まさかの出来事で、泣く泣く売ってしまった銘柄もある。その代表例がACCESS(4813)だ。
「日本発のソフトウエアを広く世界に送り出すという創業者(荒川元会長)の信念に感銘を受けました。そして、有言実行で組み込みブラウザの世界的企業にまで成長しましたが、09年10月に荒川元会長が病で急死。社外取締役のオリックス宮内社長と当時ローソンの新浪社社長の存在に期待し、すぐに売れませんでしたが、結局、信念に近づくのは難しいと感じて13年にすべて売却しました」
とはいえ、02年12月に135万円で買って、1対5の株式分割もあり04年5月に一部を319万円で売却したのだから、大成功である。
経営者の信念に期待をかけて投資しているので、内田さんは株主総会に出席し、経営姿勢の微妙な変化も見逃さないようにしている。実際、アンジェスMG(4563)は株主総会をキッカケに見切り売りした。

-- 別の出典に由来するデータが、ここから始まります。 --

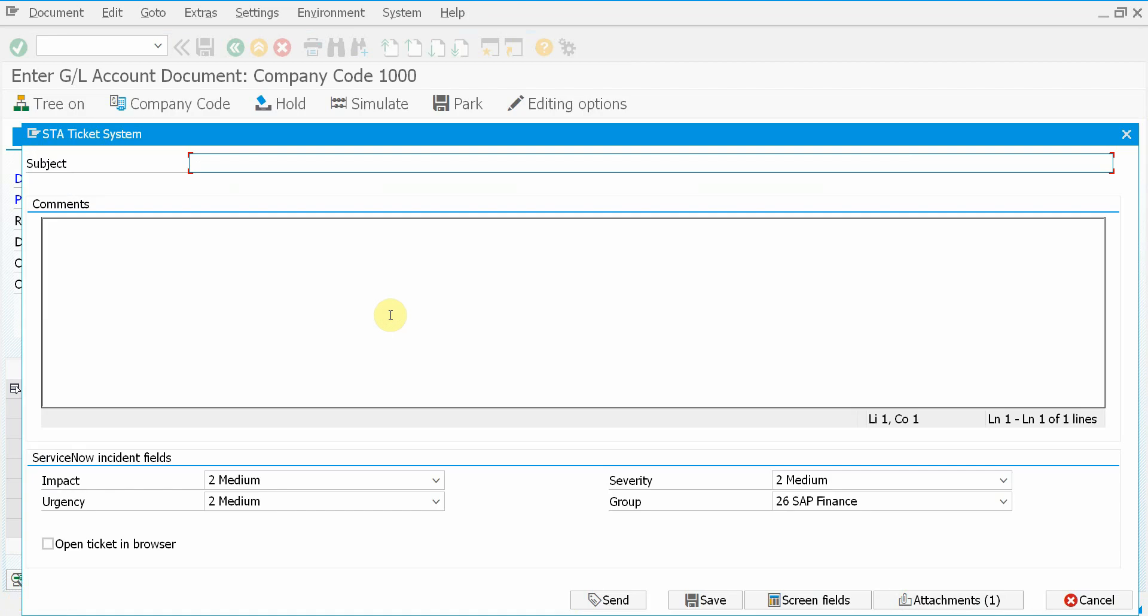And then the main screen appears where I can enter subject. I cannot post a document. I can enter long description. And here at the bottom part of the screen, I have ServiceNow related, incident related fields.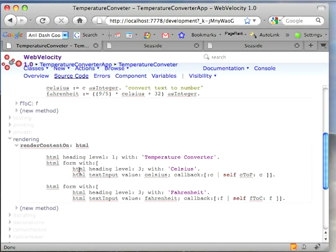You see that I have two forms, and that way when I hit return in one of them, it implements the callback. And if I hit return in the other one, it implements the callback.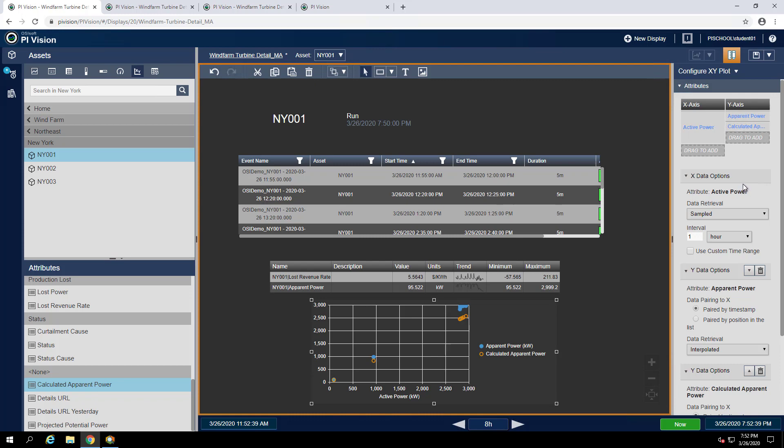So now our active power versus calculated apparent power is orange and active power versus apparent power is in blue.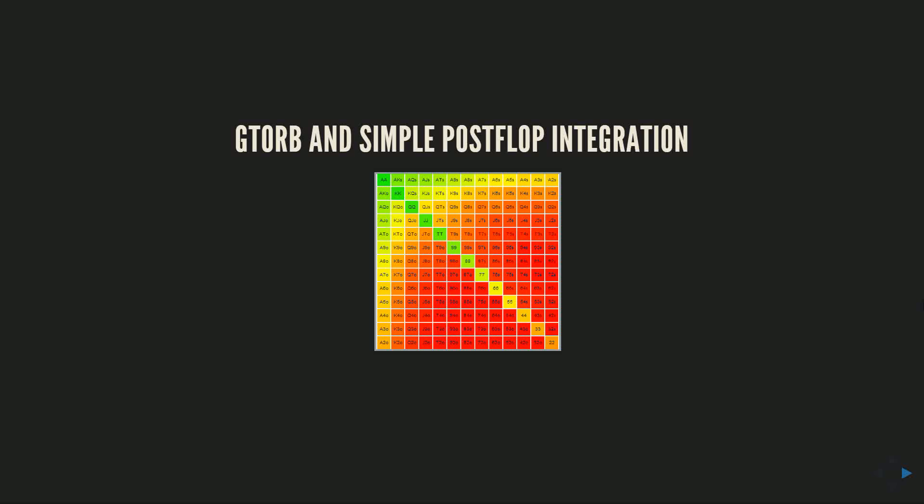Hey guys, Alex Sutherland here and today I'm going to demo a new feature that I've been working with the creators of Simple Postflop to make, which lets you calculate solutions in Simple Postflop and view them and share them in the GTOrb viewer in the web the way you would normally view a GTOrb solution.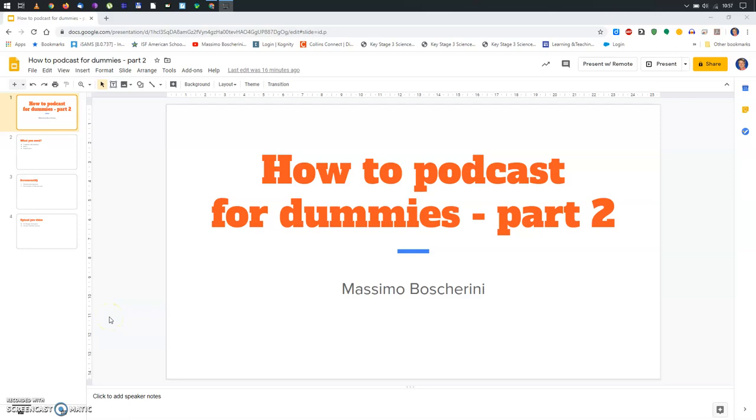Hello guys, this is Massimo Moscherini and today we're going to continue our lessons on how to make your very first podcast.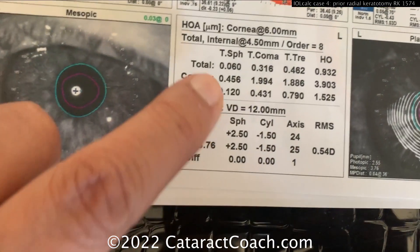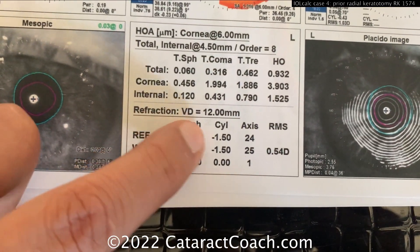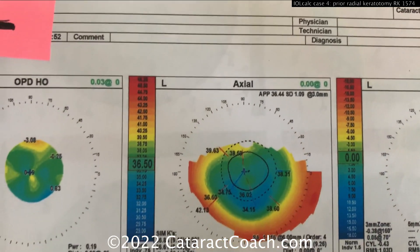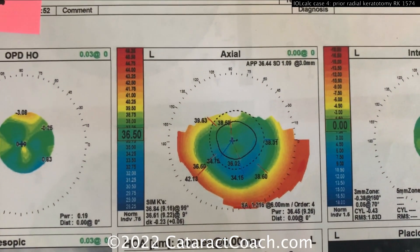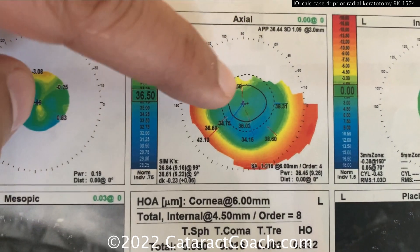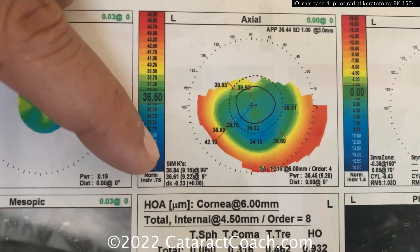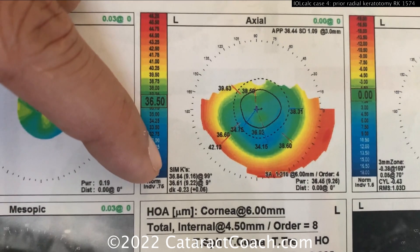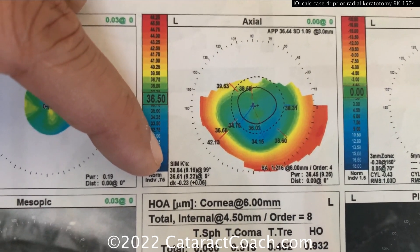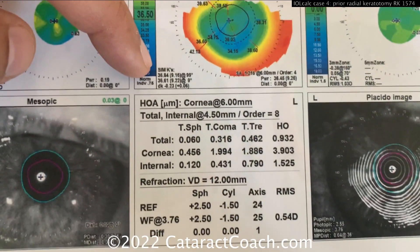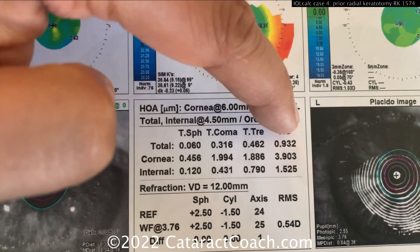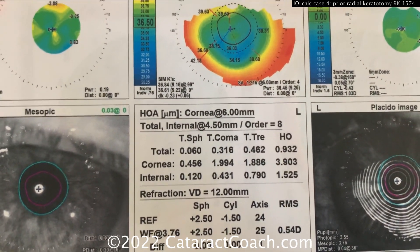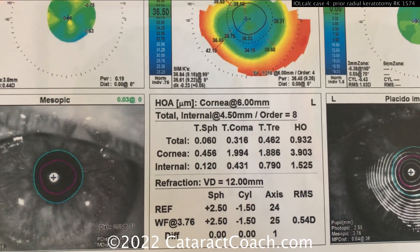The current refraction shows a little bit of hyperopia and some astigmatism. Looking at the K values on the axial mapping, that central cornea is really flat — K value is somewhere in the 36 diopter range, so really quite low. There are also some additional higher order aberrations in these eyes because of the changes from the radial keratotomy.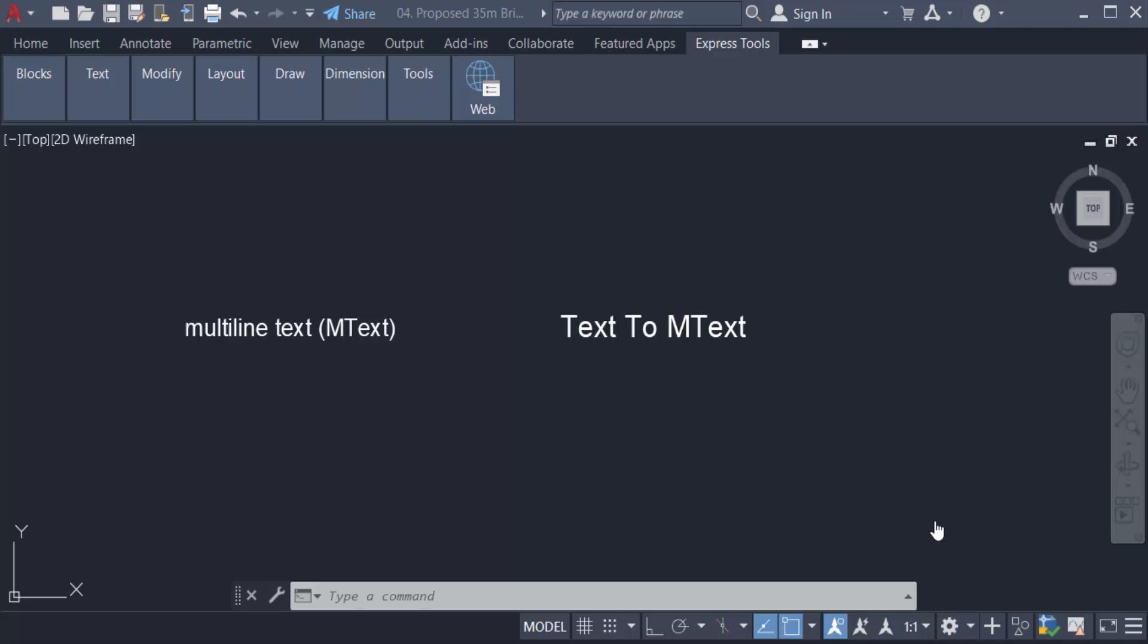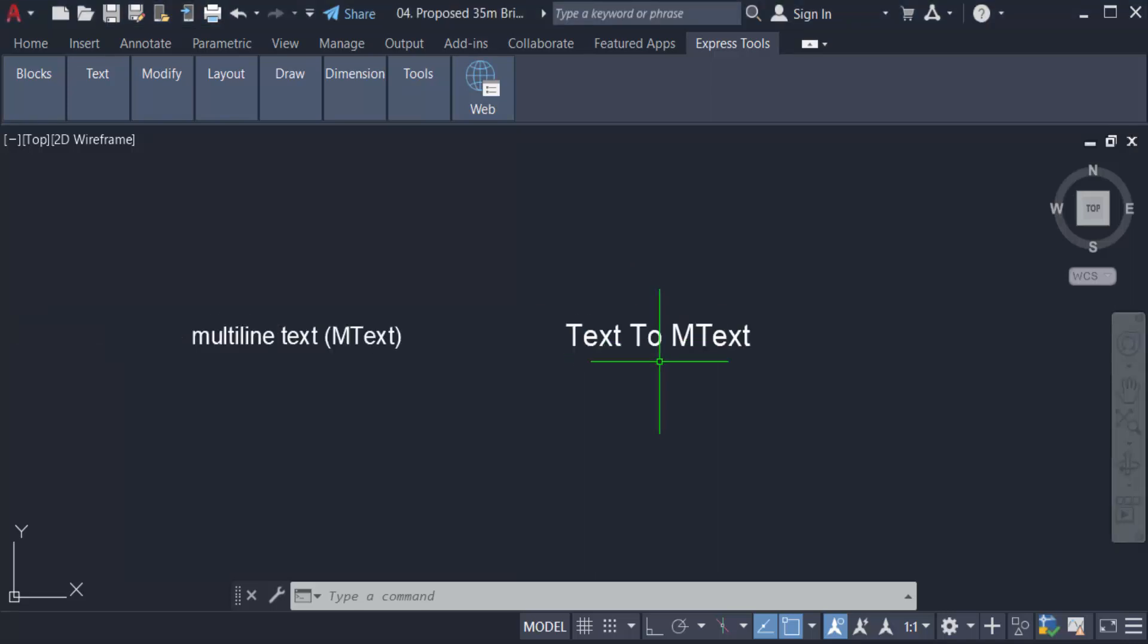Hello everyone, assalamualaikum. This is an AutoCAD tutorial. In this video we will learn how to convert text to mtext in AutoCAD 2022. So let's get started. I created two texts here - this is single line text and this is multi-line text.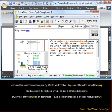Here's another suspect word accepted by Word's spell checker. TWP is an abbreviated form of Township, but because of the keyboard layout, it's also a common typing error. StyleWriter analyzes TWP as an abbreviation but also highlights it as a probable mistyping of 'two.'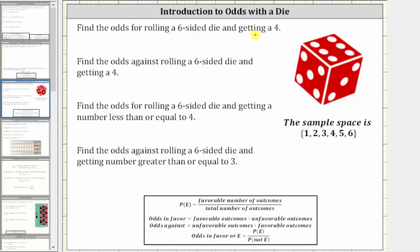Welcome to an introduction to odds using a fair die. When rolling a six-sided fair die, as shown here, the sample space is one, two, three, four, five, six — meaning these are the possible outcomes.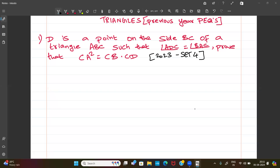Okay, so this is a triangles question from 2023 previous year exam. D is a point on the side BC of a triangle ABC such that angle ADC is equal to angle BAC. We need to prove that CA squared equals CB into CD.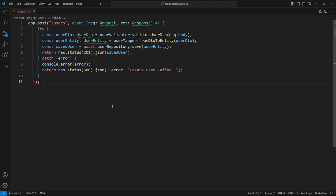Using try catch — let's assume we have an API that provides the ability to add a user to our database. Here's an example: we have a controller that reads the HTTP request, validates the user DTO, maps the DTO to entity, adds it to the database, and finally returns the HTTP response.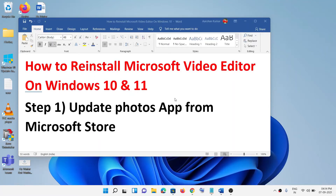Hello guys, welcome to my channel. Today in this video I'm going to show you how to reinstall Microsoft Video Editor on Windows 10 or Windows 11. The first step is to update the Photos app from Microsoft Store.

「バイオベンチャーだからまだ業績が伴わないのは当たり前ですが、赤字でも株主を続けるには社長を信じられることが大前提。ところが、同社は社長の説明通りには新薬開発が進まず、次第に信用できなくなった。結局、7年以上保有し続けたものの、株主を止めました」
結果的に、その後も株価は下落し続けている。
残る3銘柄は別の尺度から選んだ銘柄だ。内田さんはこう説明する。
「キャッシュリッチ(手元の現金が潤沢)で、PBRが1倍割れの割安銘柄もターゲットとしています。その中でも、地方で頑張っている企業に期待を寄せています。岡山製紙に対しては、製紙業界の再編が進むことも期待しています」
最後に、現在の内田さんは、日本初&日本発となる可能性大とみているバイオ分野への期待がひときわ高いという。内田さんは、NISA口座をバイオ関連銘柄のみでその枠を使い切っているとのことだ。